Em segundo lugar, a ideia de que o Estado deve ser mínimo muitas vezes é incutida no imaginário popular justamente por aqueles que se beneficiarão da ausência do Estado: os banqueiros, os mega empresários, os especuladores do capital financeiro, os controladores da grande mídia, bem como os políticos que representam esses poderosos. Todos eles, por terem muito dinheiro, não precisam do Estado. E te convencem a defender um Estado mínimo. Assim, você dará um "tiro no pé", defendendo uma ideia que beneficia apenas quem quer te prejudicar.

Vale lembrar que o Estado mínimo já foi implantado algumas vezes na história: na antiguidade do industrialismo no século XVIII-XIX, depois no liberalismo clássico de Adam Smith no início do século XX e agora com o neoliberalismo. Em todas as vezes, ele gerou abismos de desigualdade social. Quem veio para reduzir essa desigualdade e propiciar ao povo um mínimo de dignidade foi justamente o Estado de bem estar social, um Estado Forte.

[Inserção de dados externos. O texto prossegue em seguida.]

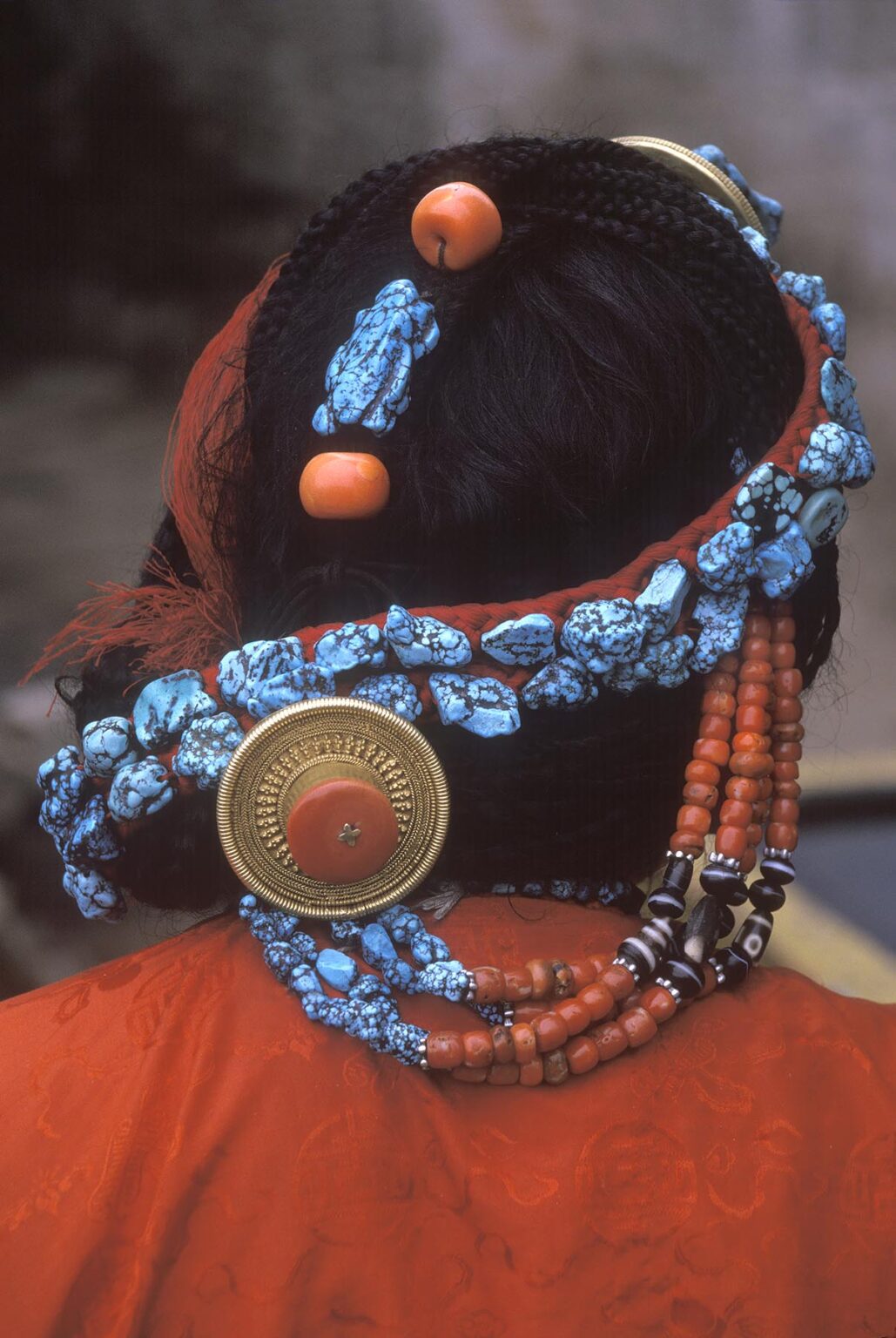 TURQUOISE, CORAL and GOLD decorate this TIBETAN WOMAN'S hair - LHASA, TIBET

Afinal de contas, o que é o Estado? O Estado não representa o político A ou B. Estado não é politicagem. O Estado representa o setor “público”. “Público” significa o que é do povo, em contraposição ao que representa o setor privado, onde o interesse é dos particulares. Apenas um exemplo: quando você defender que uma empresa estratégica no país (como Petrobrás, Embraer ou qualquer outra Estatal) deve ser privatizada, você está defendendo que todo o dinheiro que aquela empresa gera, ao invés de ir para pagar os médicos do SUS, os professores do ensino público, fique nas mãos de um único indivíduo (as vezes um estrangeiro), que por sinal já é muito rico.

Em resumo: se você não é rico, você precisa de um Estado forte. É ele que te assegurará assistência médica se você não puder ter um bom plano de saúde; é ele que assegurará o ensino se você não tiver dinheiro (e haja dinheiro!) para custear os estudos do maternal à faculdade; é ele que garantirá seu sustento, pela Previdência, quando você se aposentar; é ele que preserva seus direitos trabalhistas, para o dono da empresa não te submeter a um trabalho escravo; é ele que regula o mercado, para que as grandes empresas não se unam e imponham preços absurdos e extorsivos; é ele que protege o meio ambiente diante das ameaças dos desmatadores; e por aí vai. O Estado mínimo só beneficia aquelas pessoas que tem muito dinheiro. Você é uma delas?

Orlando Pinto de Oliveira.

Orlando Pinto de Oliveira é de Santo Antônio do Leite, professor e advogado em Belo Horizonte.